I didn’t really care to try the Melon Soda Float, but I must say, it was good. It was really fizzy with a sweet, slightly tangy honeydew flavor offset by the creaminess of vanilla ice cream. To me, it tastes like a Melona Bar in the best possible way, but with much more depth and complexity, while not being as sweet.
The Tiramisu was also good, with a strong hojicha flavor melding well with the spongy cake and creamy filling. It’s accompanying ice cream, though, was a dud. I didn’t even know it was ice cream when I was eating it, as it had a strange, stiff texture and virtually no flavor.
I didn’t try any of the Creme Brulee, as Mrs. Island Miler doesn’t like melon and I was on my own for that item. But she liked it, so that’s good enough for me.

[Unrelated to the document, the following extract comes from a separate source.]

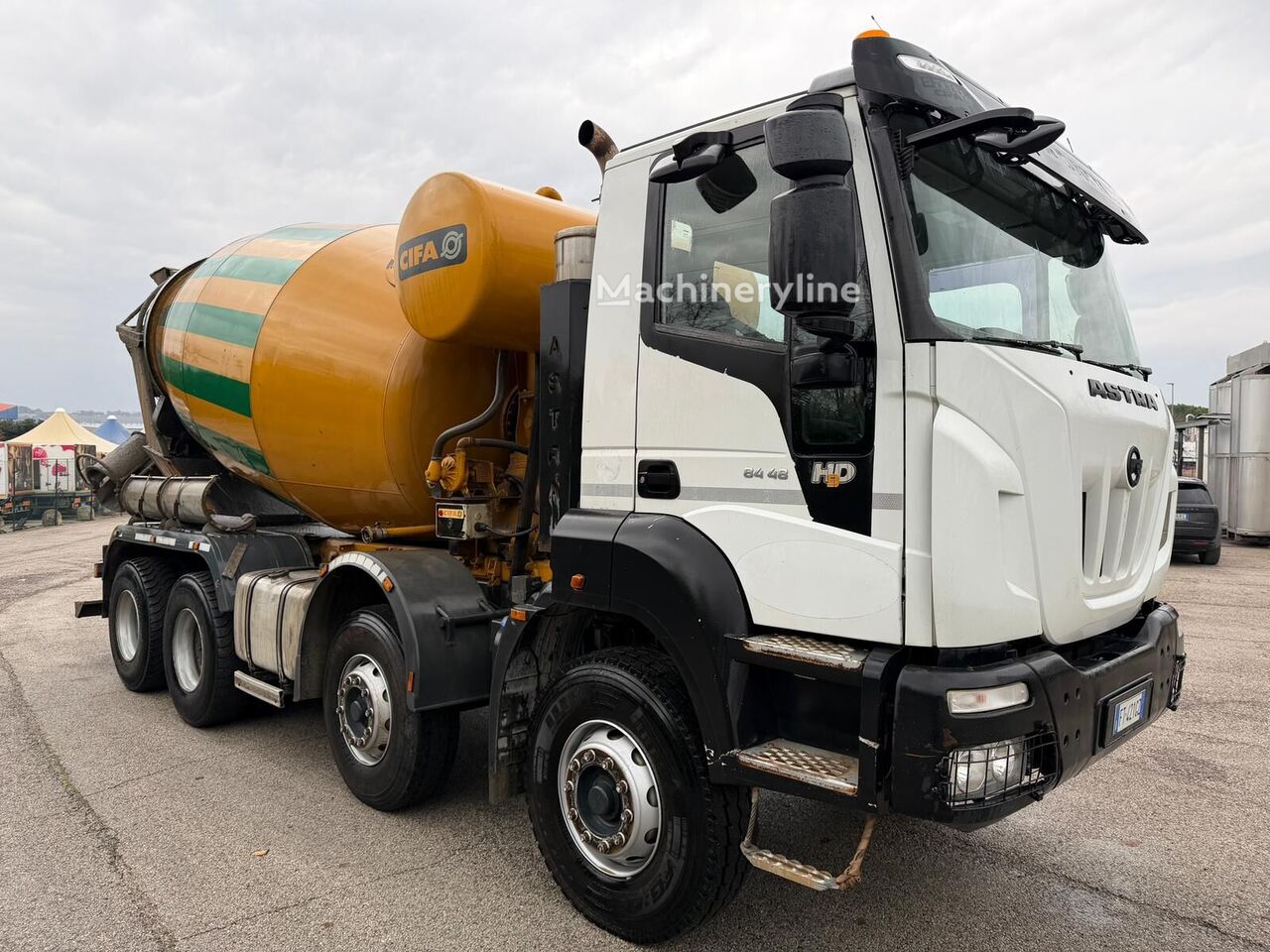 Автобетоносмеситель Cifa RY1300  на шасси Astra HD9 84.48-80 - Machineryline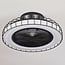 Ceiling fan Rotar with integrated LED and remote control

Following your meal, guests are offered a tea service. There are four teas to choose from and you can choose to have it served to you at the tea ceremony bar or your table. We chose the latter and went with our server’s suggestion of wheat tea, which is also known as barley tea or mugi-cha. He said it’s a favorite summertime refreshment, so why the heck not?
And you know what? He was right. The tea, served chilled, had a slightly toasty profile with an undertone of kuromitsu (Japanese black sugar syrup). It was light and refreshing, just what we needed after such a rich meal.
Yamada Chikara Honolulu, Final Thoughts
Our overall experience at Yamada Chikara was a pleasant one with superb service in a pleasant atmosphere. However, the dishes are hit or miss, which is unacceptable at this level of spending. As a result, I’d much prefer to go someplace like PAI Honolulu, Senia, or Chef Mavro, all of which are consistently fantastic. But, Yamada Chikara does add another option in the richening tapestry that is Hawaii’s diversifying dining scene. Especially since we don’t have any molecular gastronomy restaurants at the moment. However, Yamada Chikara misses the mark in that regard and is something I hope they’ll improve on in the future.